|HDMI inputs||0||Coaxial inputs||1|
|Optical inputs||1||Minijack input||Yes|
|Analog audio inputs||2||Max connected devices||5|
|Other: Subwoofer output|
Connectivity is above average on the Z-Base 555, although there are no HDMI ports. The lack of HDMI is more of a convenience issue than anything else; you're not going to be missing any of the subtle (or even negligible) benefits high-resolution soundtracks offer via HDMI on a system like this. In short, you'll either need to run all your HDMI components directly to your HDTV, then use the HDTV's audio output; or you'll need to run separate audio cables from each device directly to the Zvox.
On the upside, Zvox offers true switching between all its inputs. That may seem like an obvious feature to point out, but previous Zvox systems only offered "mix" inputs--meaning that all the inputs were active at the same time.
As we've come to expect from Zvox sound-bar speakers, the Z-Base 555 is supereasy to setup. Hook up your analog and digital sources--Blu-ray, DVD, cable box, games, etc.--and you're good to go. No calibrations or setup procedures are required, and since it's a self-powered speaker, you don't have to hook it up to an AV receiver.
We expected that the Z-Base 555's analog and digital inputs would sound about the same when we hooked up both connections from our Oppo BDP-93 Blu-ray player, but the analog connection was a little louder. Adjusting the bass and treble tone controls "on-the-fly" via the remote, without having to delve into menus, makes it easy to get the sound balance you want when changing movies or music selections.
The Z-Base 555 is a big speaker, so it shouldn't need the assistance of a subwoofer to supply a decent amount of bass. We played a variety of DVDs and Blu-rays and were satisfied with the bass, but if you want more, you can hook up a separate subwoofer to the speaker. Of course, Zvox's larger Z-Base 580, with its dual built-in 6.5-inch subwoofers, makes more bass than the Z-Base 555, which has just one 5.25-inch sub.
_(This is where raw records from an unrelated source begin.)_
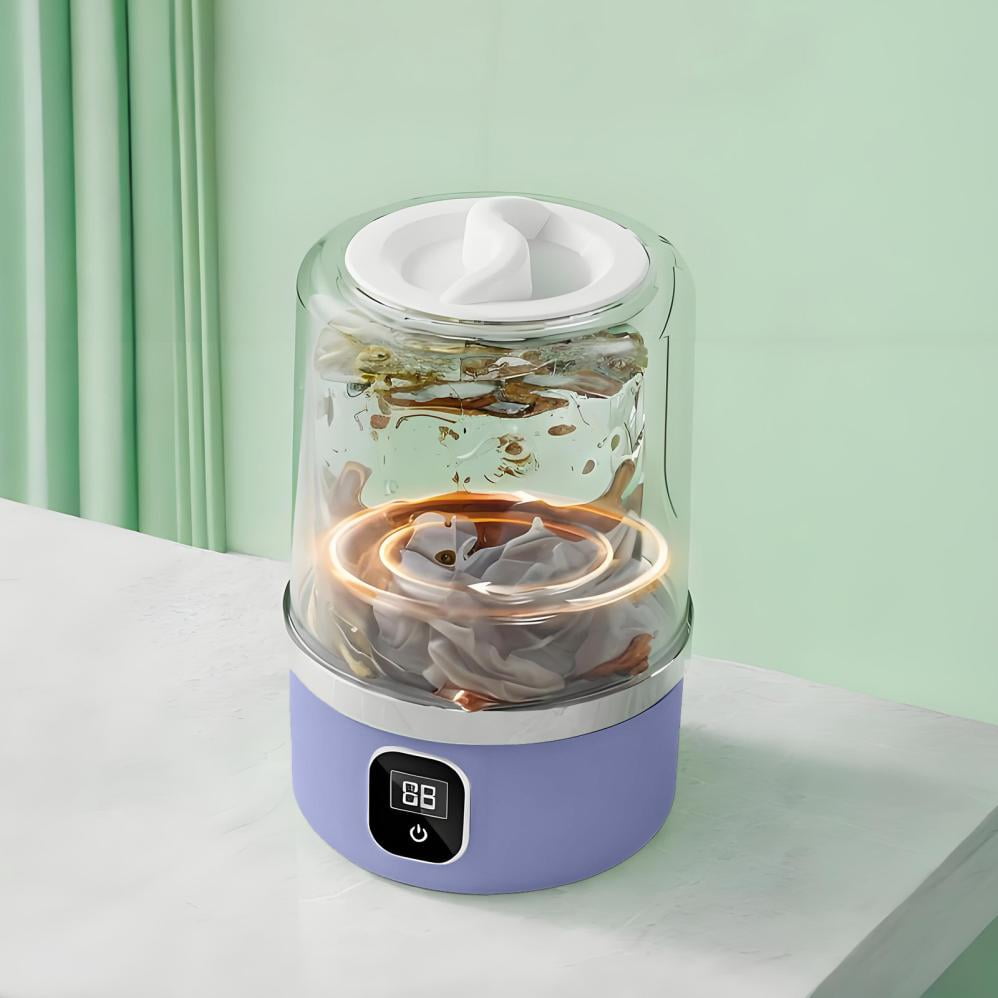 COM1950s Portable Washing Machine,Mini Washer for Small Loads and Delicates,Compact Usb Rechargeable Clothes Cleaner for Home,Travel,Dorm and Apartment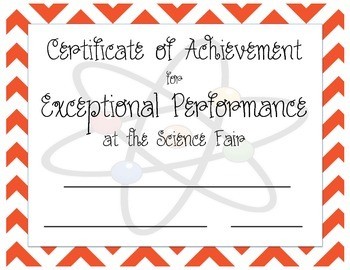 Printable Science Fair Award Certificate By IExploreScience TpT Certificates
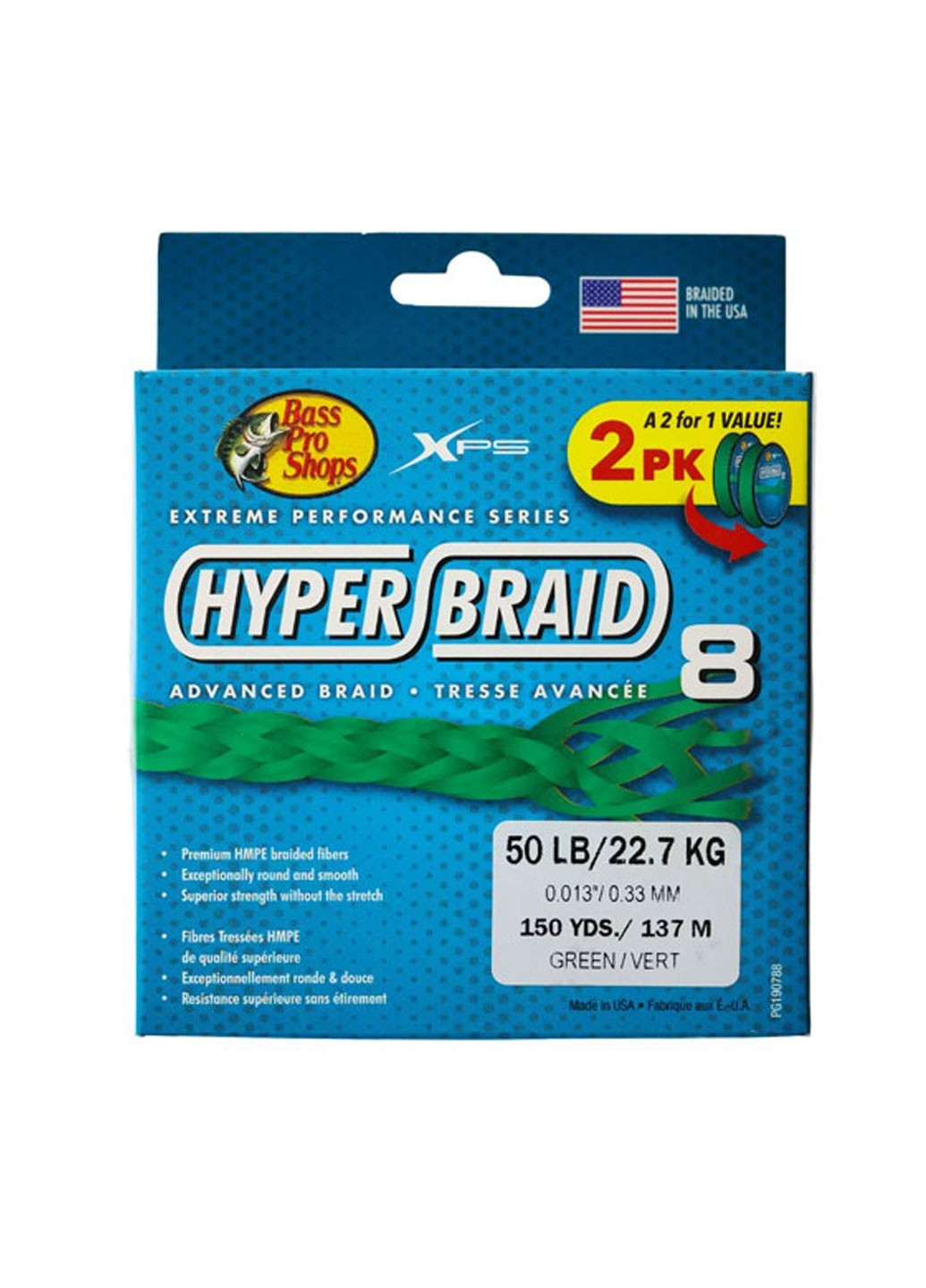 Плетеный шнур Bass Pro Shops xps hyper braid 8 (188112130)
We can't say the larger Zvox's low-end sounds a lot more powerful, but it plays louder, and while there are sound-quality differences between the two models, they weren't huge.
Blasting through the car chase scene that kicks off the "Quantum of Solace" Blu-ray, we were treated to the sounds of machine-gun fire, screeching tires, breaking glass, metal-grinding-against-metal collisions, and the mayhem was all reasonably well played by the Z-Base 555. The stereo soundstage with PhaseCue II turned up to "2" was broad and deep, but no match for the room-filling sound capabilities of a true 5.1 speaker system, like the Energy Take Classic.
Like we said, the Z-Base 555 is powerful enough to play fairly loud, but the "Quantum of Solace" Blu-ray's dynamics and bass energy were in short supply. Turning on Zvox's new Output Leveling (dynamic range compression) feature immediately boosted the overall volume, and the volume remained at a consistent level throughout the film. So if you need to turn down the volume for late-night listening, with the Output Leveling engaged you'll still hear the quieter scenes, and when you're watching action movies like this one you won't have to turn down the volume for the big explosions or special effects. We didn't detect any muffling or sound-degrading problems caused by the Output Leveling feature--it worked quite well. The Dialogue Emphasis feature was fairly subtle, but was also effective.
Moving on with the Rolling Stones' "Ladies and Gentlemen" Blu-ray, we felt the Z-Base 555 inhibited the band's music too much. The music felt constricted and somewhat "canned," sounding closer to what we'd get from a table radio or iPod dock than a good subwoofer/satellite system. The Z-Base 580 was a step up from the sound we got from the Z-Base 555 with the 'Stones; there the sound was more rock and roll. Bass oomph and finesse aren't performance strengths of either Zvox.
Straight dramatic films like "Good Night, and Good Luck" sounded excellent. The film is set in the offices at CBS Television in the early days of broadcast journalism in the 1950s. It chronicles the real-life conflict between television newsman Edward R. Murrow (David Strathairn) and Sen. Joseph McCarthy (the filmmakers used stock footage of McCarthy). The sound of the dialogue, typewriters, and ringing telephones in the smoke-filled offices was excellent.
Sound bars rarely sound great with CDs, and so it was with the Z-Base 555. The speaker sounded small and the bass lacked definition. We preferred the sound of the Z-Base 580, but that's a $600 speaker, and for that much money, Harman Kardon's SB 16 sound bar is even better. (The SB 16 also includes a large separate wireless subwoofer).
The Zvox Z-Base 555 has a nearly perfect sound-bar design and a solid feature set, but it won't please critical listeners.